*** Opening Records supplied ***

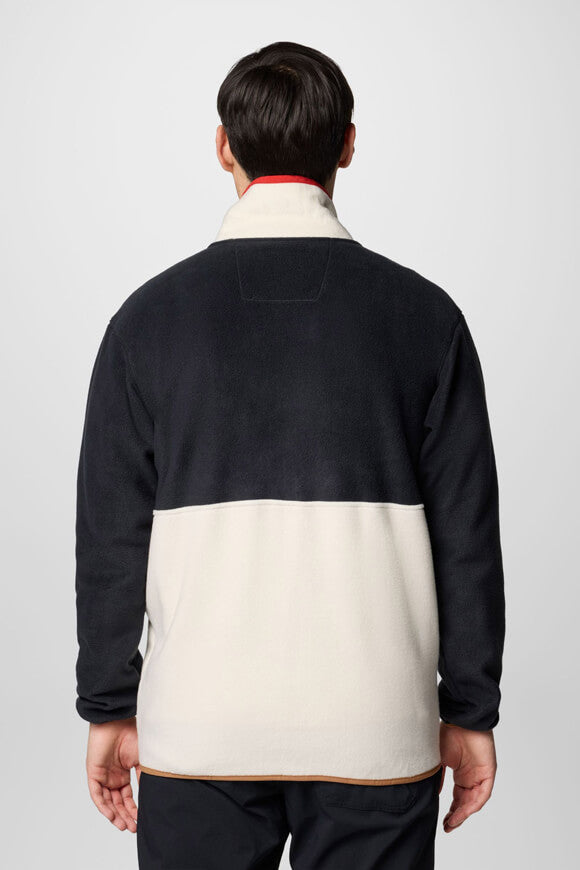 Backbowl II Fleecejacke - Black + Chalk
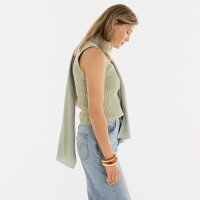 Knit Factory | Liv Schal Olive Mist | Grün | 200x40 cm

*** Closing Records supplied ***
*** Opening Records supplied ***

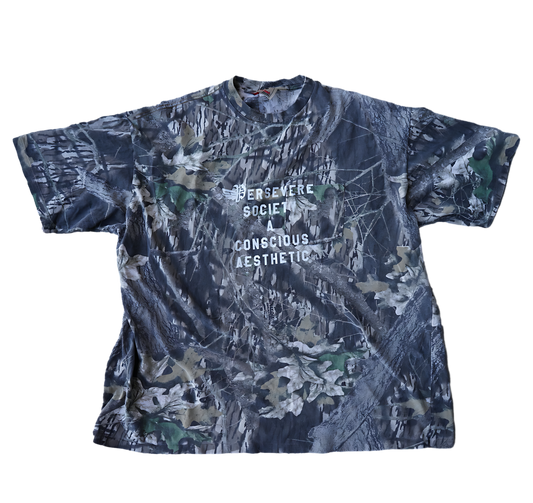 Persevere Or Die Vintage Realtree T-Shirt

*** Closing Records supplied ***
*** Opening Records supplied ***

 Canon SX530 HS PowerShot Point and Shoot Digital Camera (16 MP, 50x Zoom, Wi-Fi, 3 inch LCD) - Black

*** Closing Records supplied ***

Exercise objective
Start at the line containing "Backbowl II Fleecejacke - Black + Chalk" above and stop at the line containing "Knit Factory |". Output those lines exactly, both included, but none of the pictures.

Exercise response
 Backbowl II Fleecejacke - Black + Chalk
 Knit Factory | Liv Schal Olive Mist | Grün | 200x40 cm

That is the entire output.